- _Data for analysis_
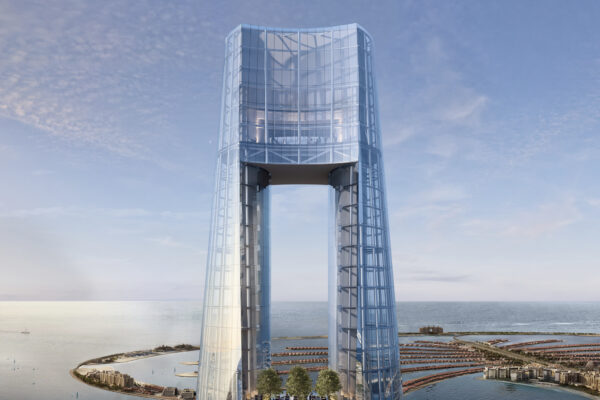 Ciel Dubai Marina Exterior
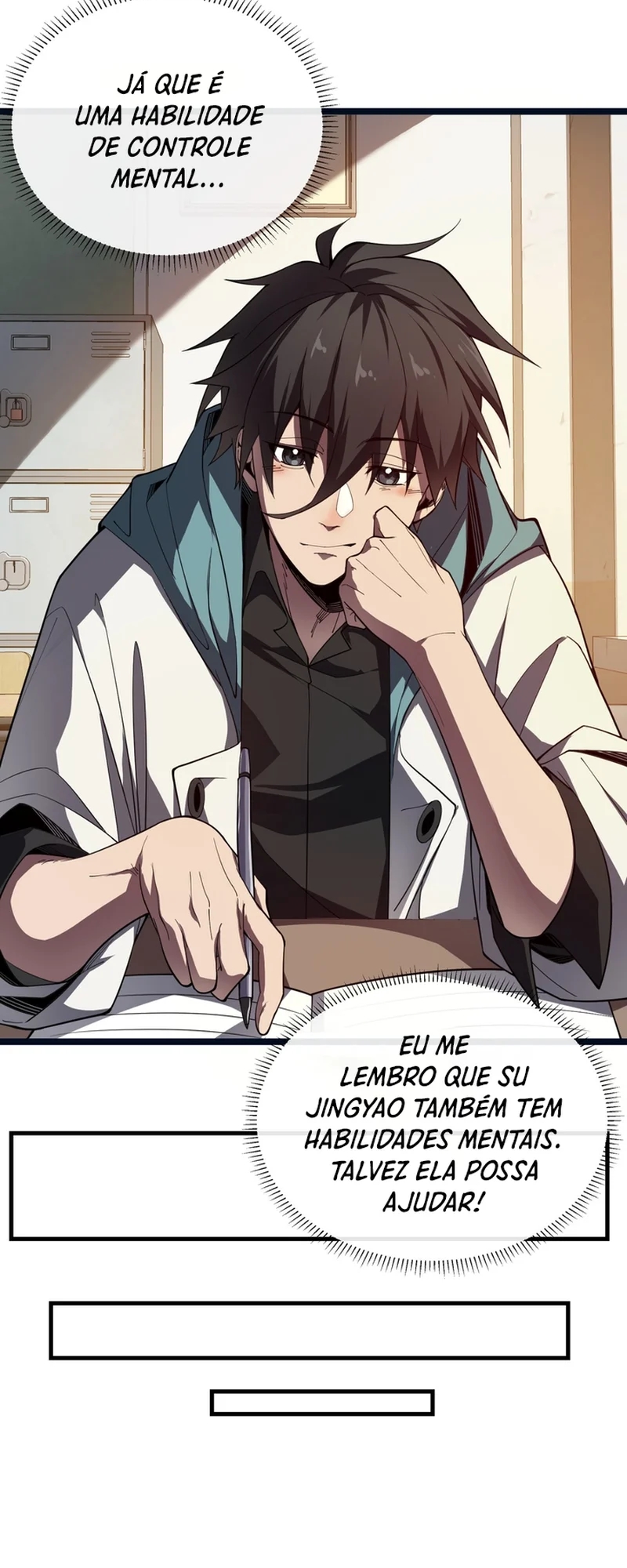 Read Eu Me Contratei PT Manga Online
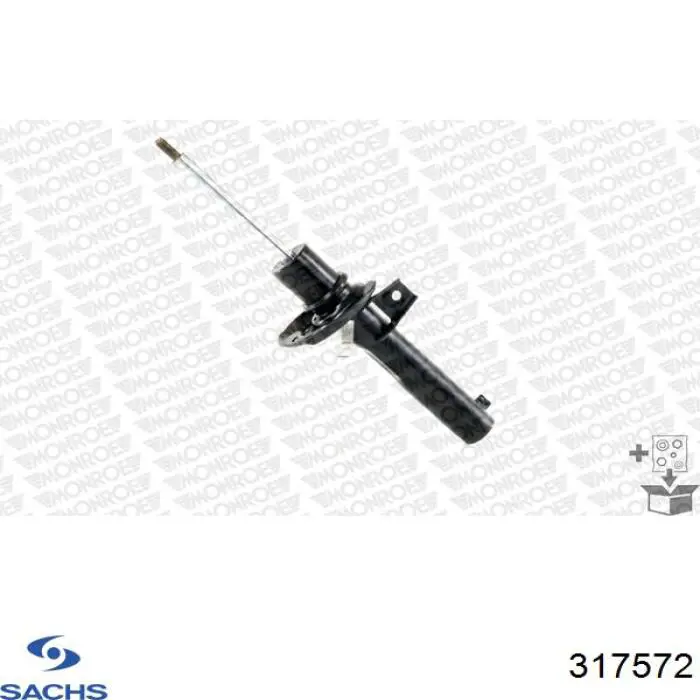 Amortiguador 317572 Sachs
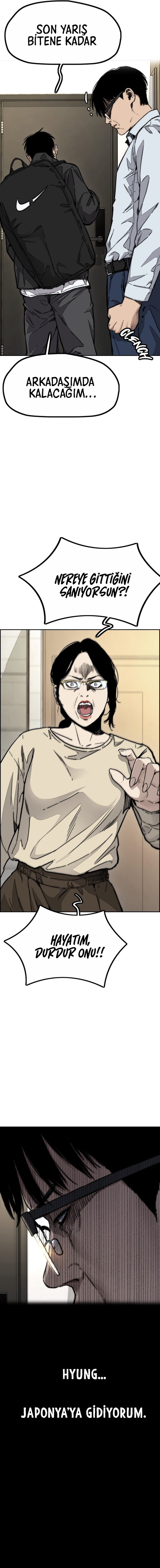 Read Wind Breaker Türkçe Manga - Sokak Yarışı Oku Manga Online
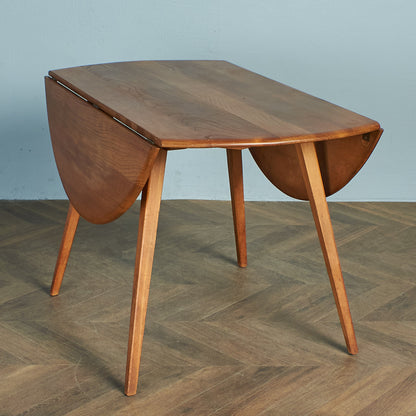 ERCOL Vintage Butterfly Table / Blue Label #78273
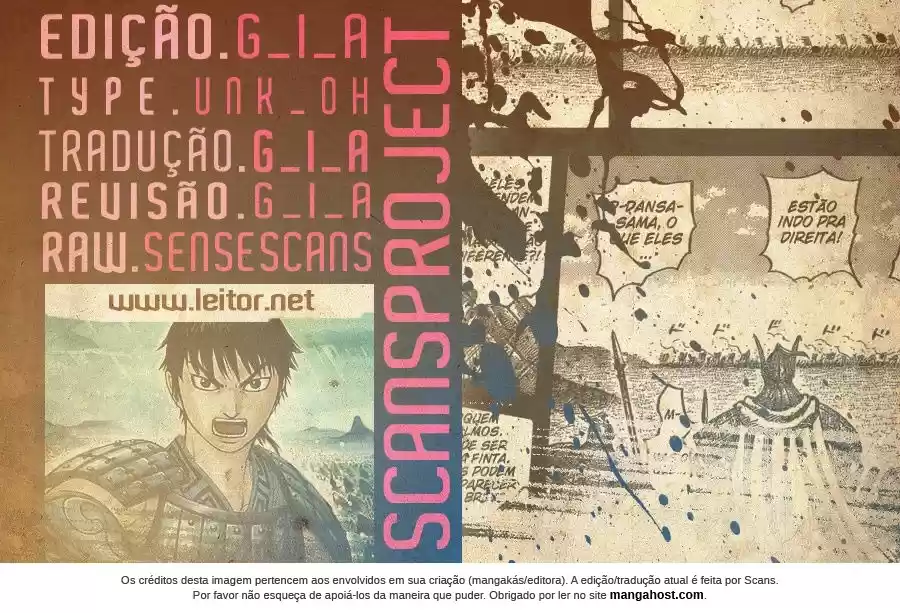 Read Kingdom Português Manga Online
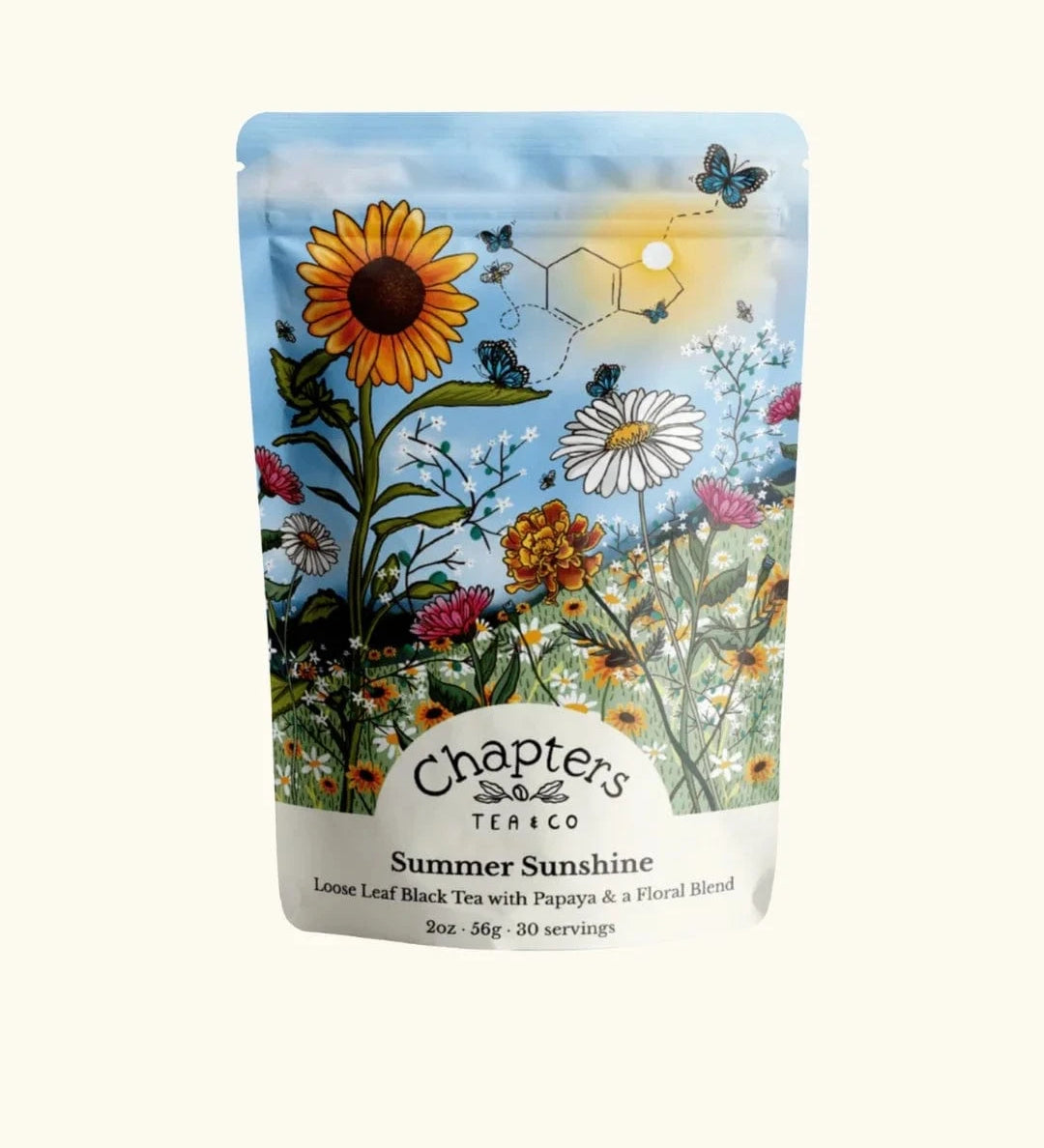 Chapter Tea Co Chapters Tea & Co: Loose Leaf Teas, Tea Bag Sachets, Tea Gifts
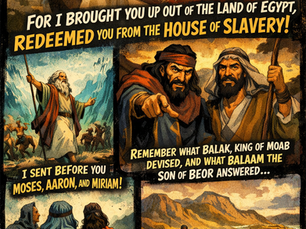 “What Have I Done to You?” — God’s Gracious Defense in Micah 6:3–5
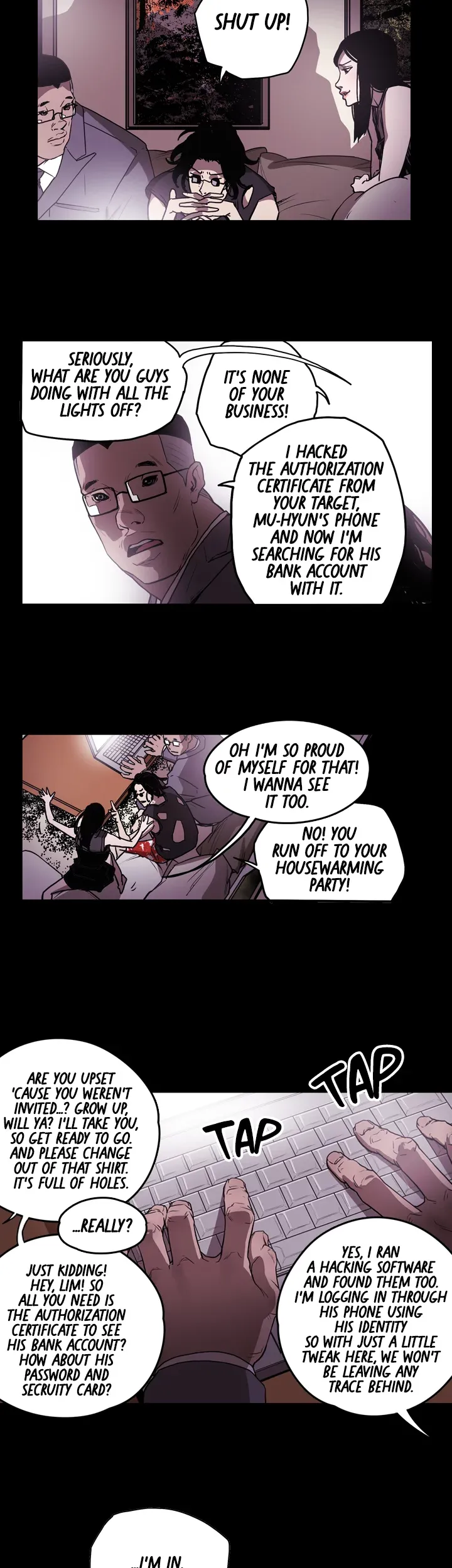 Honey Trap chapter 14 page 30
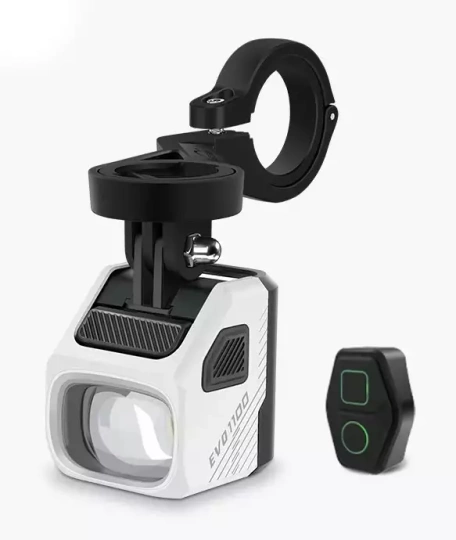 Lampka przednia MAGICSHINE EVO 1100 White 1100 lumenów z uchwytem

- _Exercise goal_
An exact transcript is required, covering the lines from the one containing "in Micah 6:3–5" through the end of the listing above, inclusive, without pictures.

- _Your response_
 “What Have I Done to You?” — God’s Gracious Defense in Micah 6:3–5
 Honey Trap chapter 14 page 30
 Lampka przednia MAGICSHINE EVO 1100 White 1100 lumenów z uchwytem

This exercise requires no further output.